Bring in Da Noise, Bring in Da Funk
This show, which originated at New York’s Public Theatre in 1995 before transferring to Broadway the following year, has never been seen in London. Yet the original production remains one of the most thrilling I’ve ever seen on Broadway. As Ben Brantley described it in his review of the transfer there for the New York Times: ”It’s a strange and mighty force that is connecting the audience and the performers at the Ambassador Theater. People watching the show there seem to find themselves yelping, whooping and sobbing without even being aware of it. And when the dancers onstage conclude a number with a jubilant roar, the audience roars right back. This white-hot exchange of energy can sometimes be found at rock concerts, but rarely at a Broadway musical anymore. And that, improbably enough, is what is being described here. Sing hallelujah! Bring In da Noise, Bring In da Funk, George C. Wolfe and Savion Glover’s telling of black American history through tap dancing, is alive and flying higher than ever on Broadway.”
Once on this Island
Back on Broadway right now in a thrillingly immersive revival, this 1990 musical is a beautiful folk tale – and its new production refreshingly blurs colour and gender distinctions. As Jesse Green noted in his review for the New York Times: “The actors, of a variety of skin tones, are not obsessively matched to one another or to the colors suggested by the script. Lea Salonga, the Filipina Broadway star, plays Erzulie, the goddess of love; the heroic-voiced Quentin Earl Darrington, as the water god Agwe, is blue. And guess what? It makes no difference. Or, rather, it does, by exemplifying the ludicrousness of such distinctions and underlining the show’s bid to be seen as a universal story that every culture enacts and anyone can tell. If [director Michael] Arden’s casting choices also take some of the pressure off possible questions of cultural appropriation — he and the show’s authors are white — so be it; the larger point is worth making right now.”

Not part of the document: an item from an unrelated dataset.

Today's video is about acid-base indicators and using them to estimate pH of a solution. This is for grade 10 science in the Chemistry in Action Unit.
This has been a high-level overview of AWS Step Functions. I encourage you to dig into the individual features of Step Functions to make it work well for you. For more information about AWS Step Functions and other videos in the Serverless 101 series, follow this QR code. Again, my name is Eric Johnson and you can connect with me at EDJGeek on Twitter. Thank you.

One of a slew of 70s Broadway musicals to feature an all-black cast – others included Purlie in 1971 and Ramin in 1974 – The Wiz may be best known over here for the 1978 film version that starred Diana Ross as Dorothy and also featured Michael Jackson as Scarecrow and Richard Pryor as the Wiz. Though there have been stagings at Hackney Empire and Birmingham Rep, it’s never had a full West End run. Perhaps now is the time to give it one, after the current success of black-led shows like Dreamgirls and Motown the Musical.

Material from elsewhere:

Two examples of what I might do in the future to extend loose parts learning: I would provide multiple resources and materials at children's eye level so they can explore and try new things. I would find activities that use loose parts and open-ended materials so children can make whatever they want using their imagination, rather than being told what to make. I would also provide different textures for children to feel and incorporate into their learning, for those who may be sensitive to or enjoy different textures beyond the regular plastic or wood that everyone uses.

This 1997 Broadway musical with a score by Cy Coleman and Ira Gasman finally received its London premiere last year at Southwark Playhouse. Though not exclusively black, it features a predominantly black cast. As I said in my review: “It’s a thrusting, strutting show, gritty, dark and edgy, as it exposes the desperation, naked need and also the humanity of the sex trade. Coleman adorns it with one of his most scintillating jazz-based scores.”
The Big Life
Originated at Stratford East Theatre Royal before transferring to the West End’s Apollo Theatre in 2005, this British musical original did something rare and remarkable: it put black lives on Shaftesbury Avenue (and coincidentally marked the first time a British musical was directed by a black British man in the West End: as Clint Dyer told me at the time: “The wonderful thing about being black in this country, and how backward Britain is, is that as a black person you have an amazing opportunity to be the first at a lot of things”). In his review for the Guardian, Brian Logan wrote: “In dramatising the experiences of the Windrush generation of West Indian immigrants to the UK, it manages to be infectiously energetic and big-hearted, while never glossing over the hardship these visitors faced.”